Record extracts: Begin

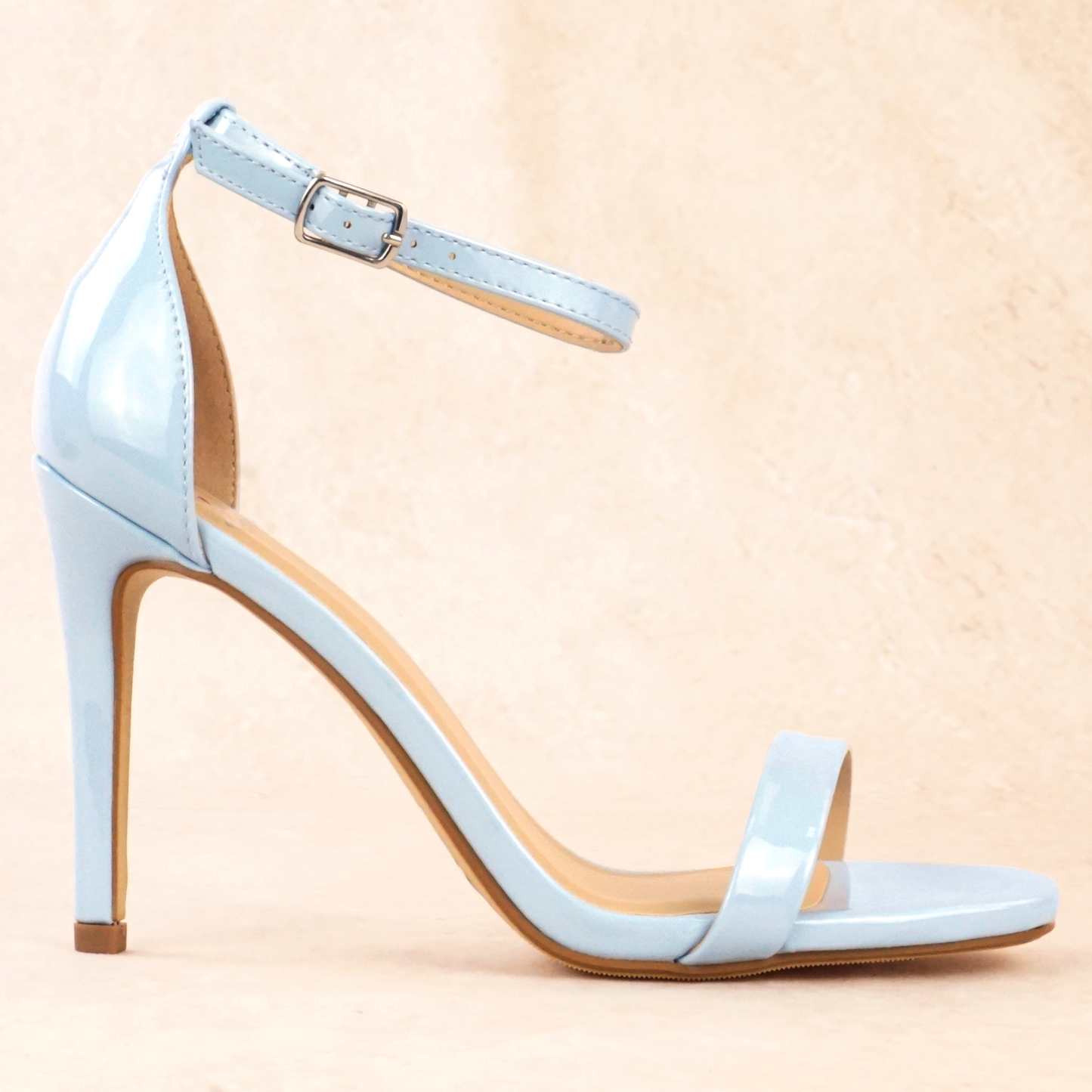 Blue patent material stiletto heels with adjustable ankle strap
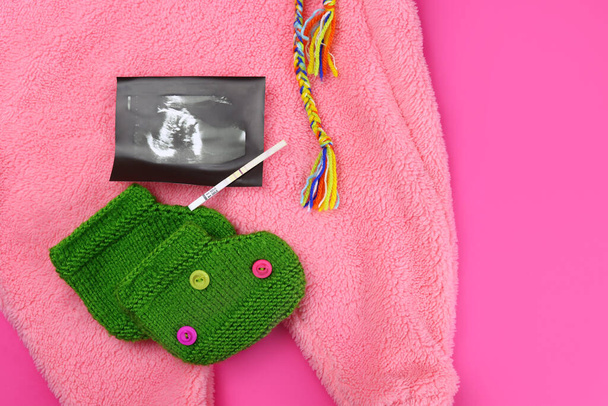 prueba de embarazo positiva, ecografía y ropa de bebé. El concepto de esperar a un niño - Foto, imagen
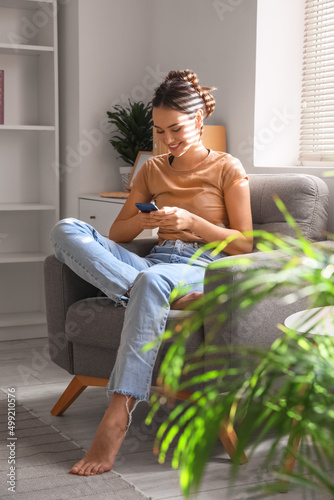 Young barefoot woman using ...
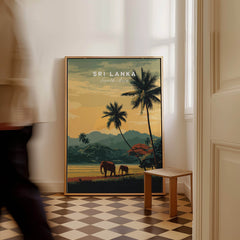 Sri Lanka Wall Art Print | Sunset Elephant Landscape Travel Poster displayed in a stylish room with a person walking by.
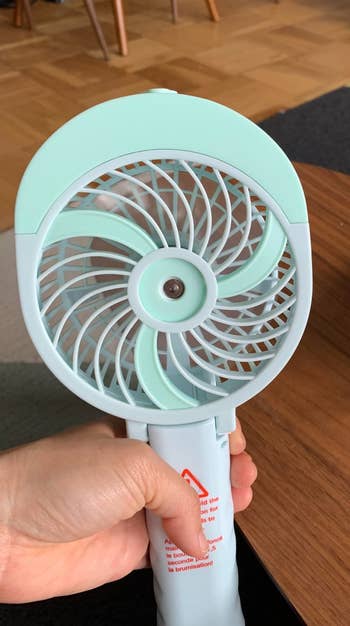 reviewer holding handheld fan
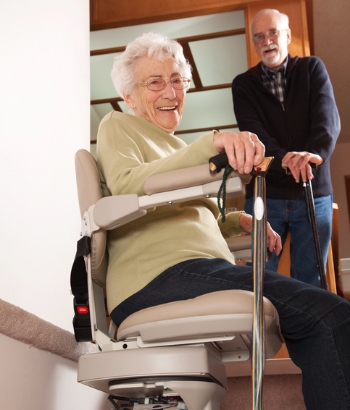 woman on stair chair lift from syracuse elevator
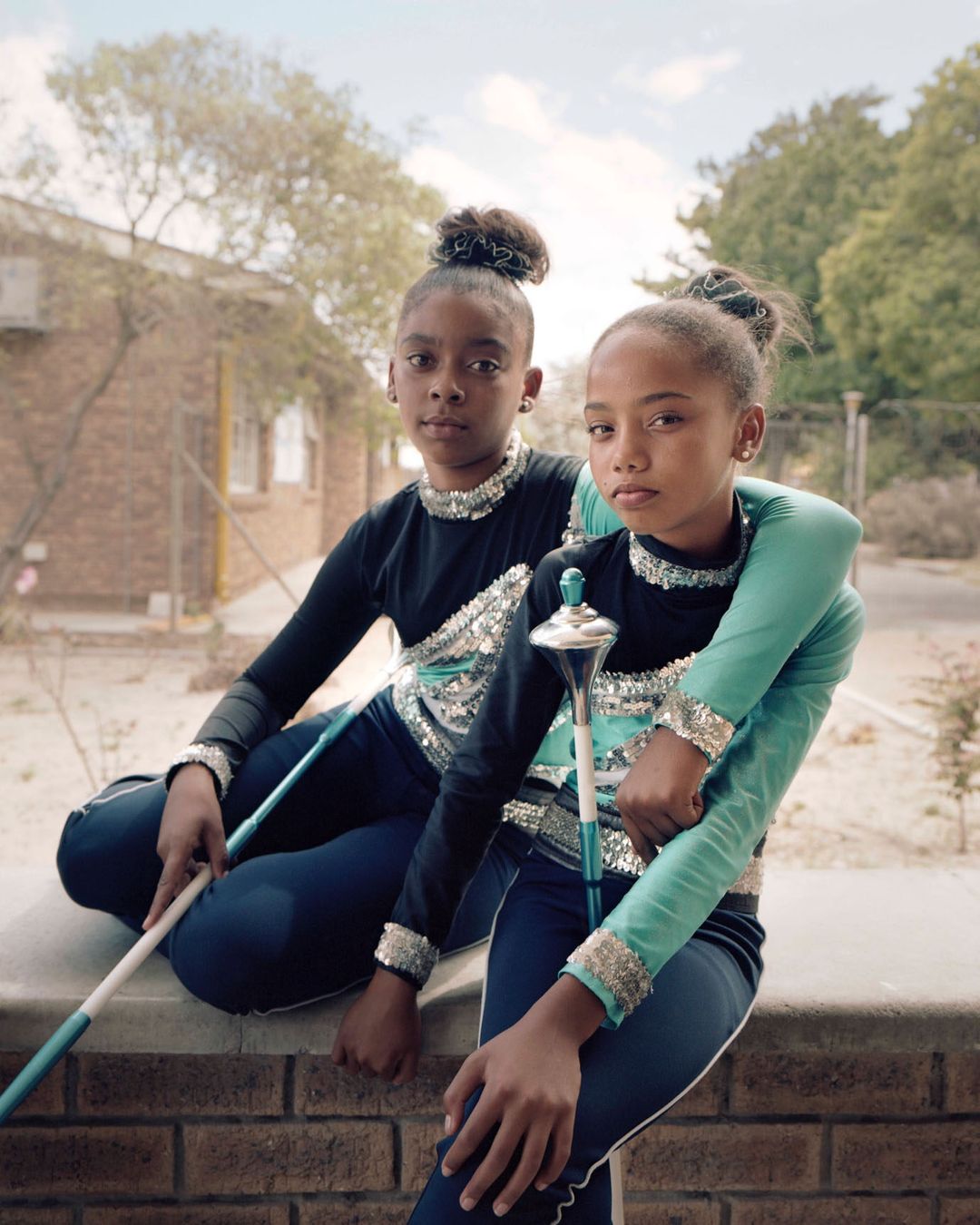 Two young girls in matching turquoise and black uniforms pose while sitting on a brick wall in a medium shot.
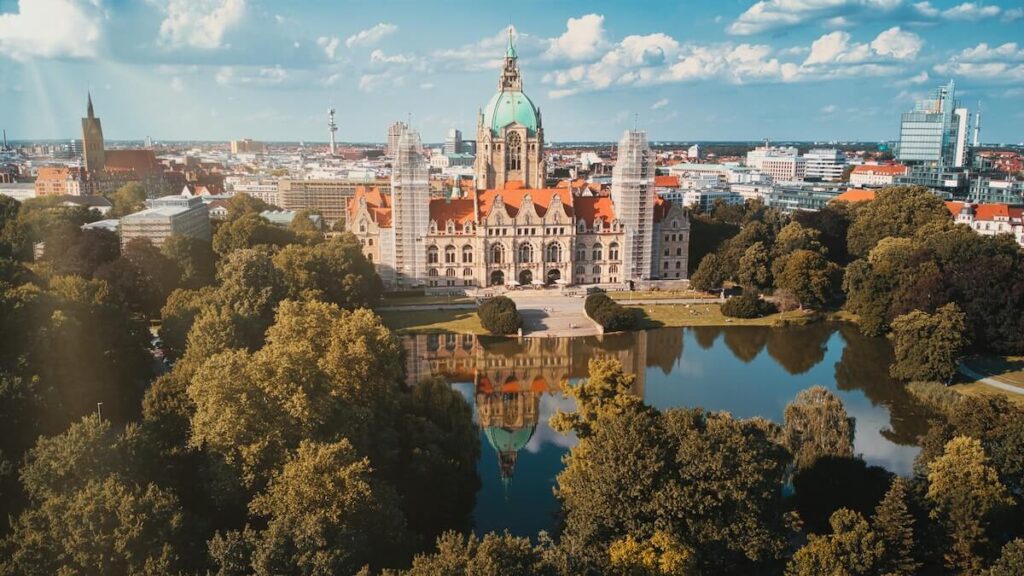 Hanover town hall surrounded by water and greenery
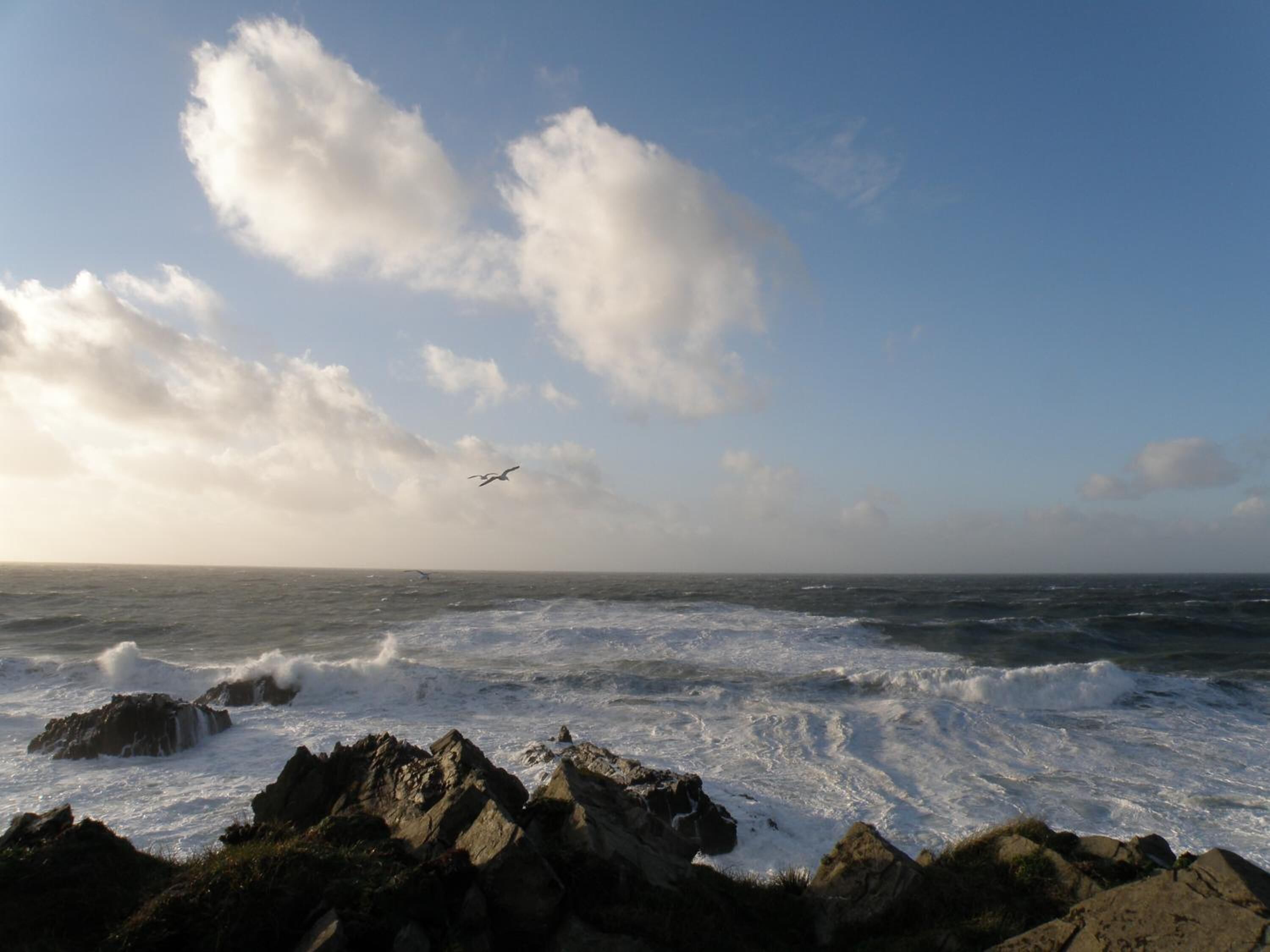 A rocky coastline with waves crashing against the rocks under a partly cloudy sky.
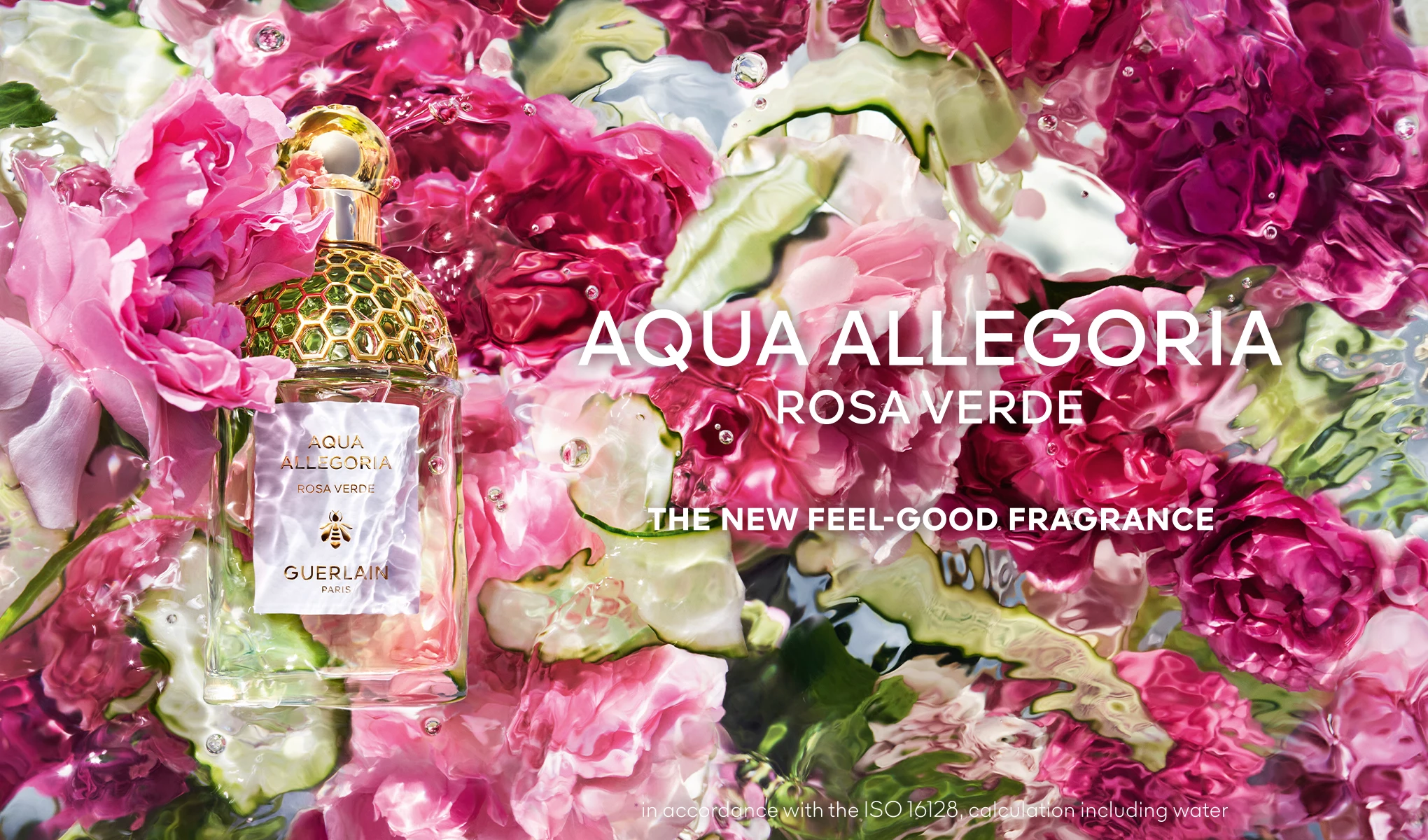 Aqua Allegoria Rosa Verde, en ny velduftende parfyme, presentert blant fargerike blomster.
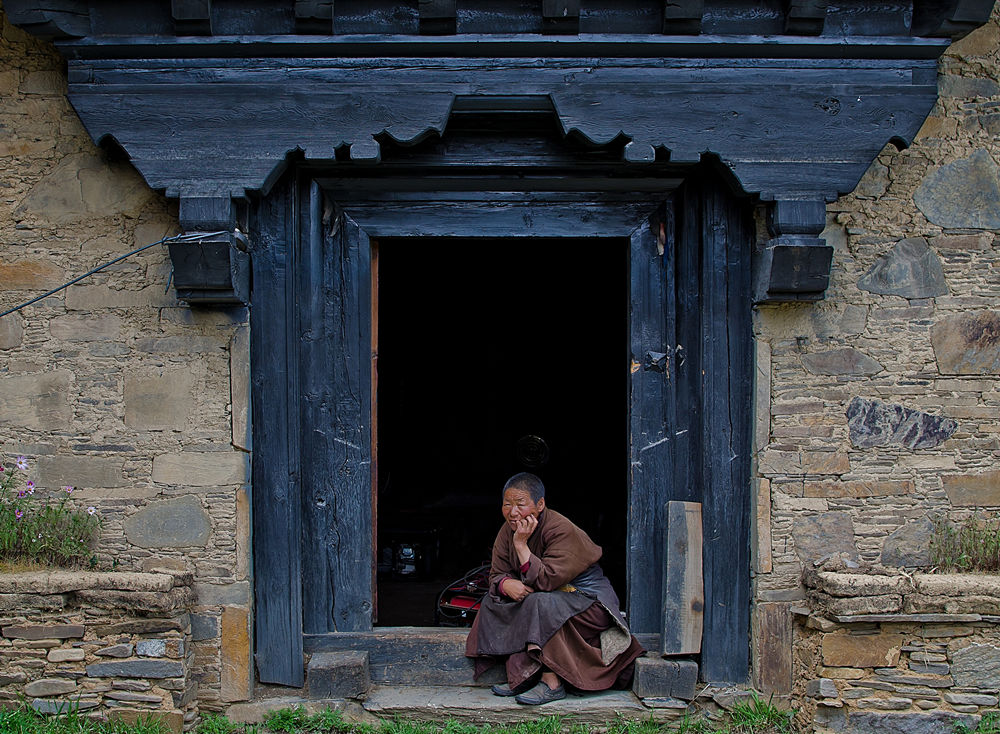 Китай, провинция Сычуань, сентябрь 2014 года.Женщина около своего дома - традиционного жилища в китайском Тибете.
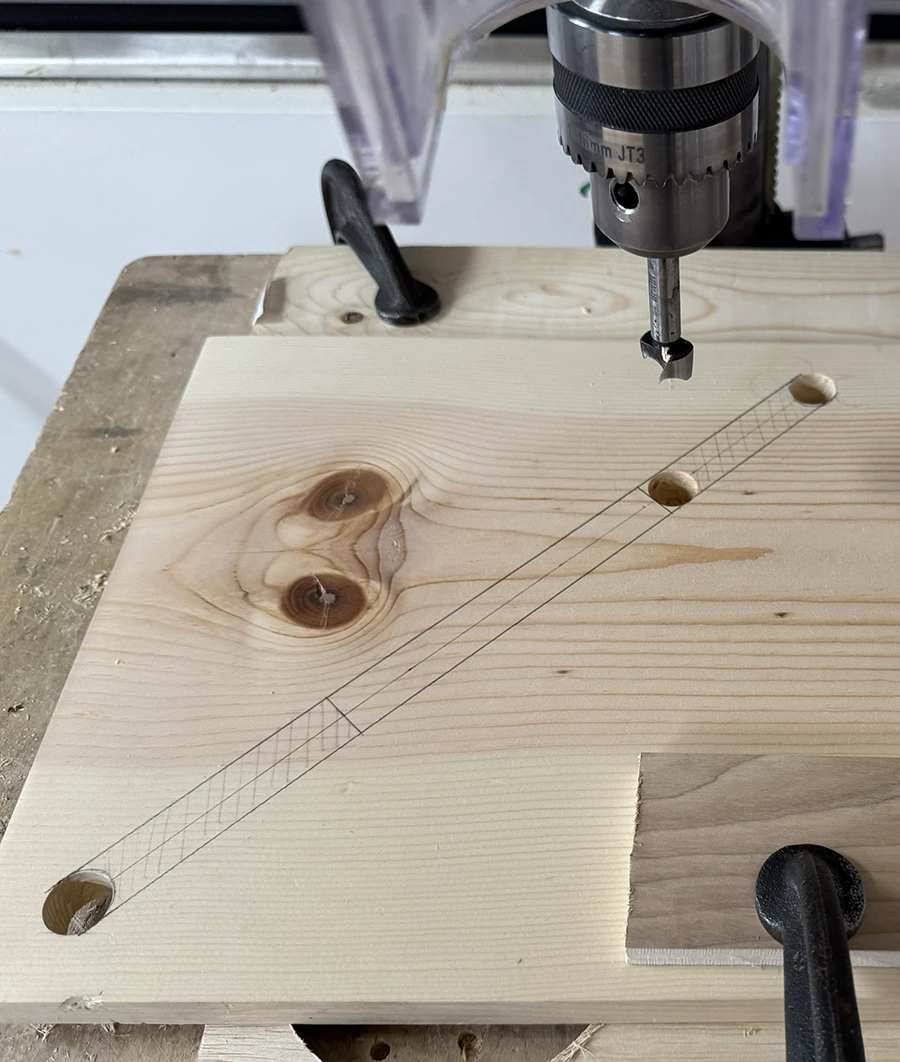 Markings on a plank of wood, going from one hole to another.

Record extracts: End

Exercise prompt. Set down exactly the lines between the line containing "Aqua Allegoria Rosa" and the end of the records above, both ends included; pictures stay out.

Response area.
 Aqua Allegoria Rosa Verde, en ny velduftende parfyme, presentert blant fargerike blomster.
 Китай, провинция Сычуань, сентябрь 2014 года.Женщина около своего дома - традиционного жилища в китайском Тибете.
 Markings on a plank of wood, going from one hole to another.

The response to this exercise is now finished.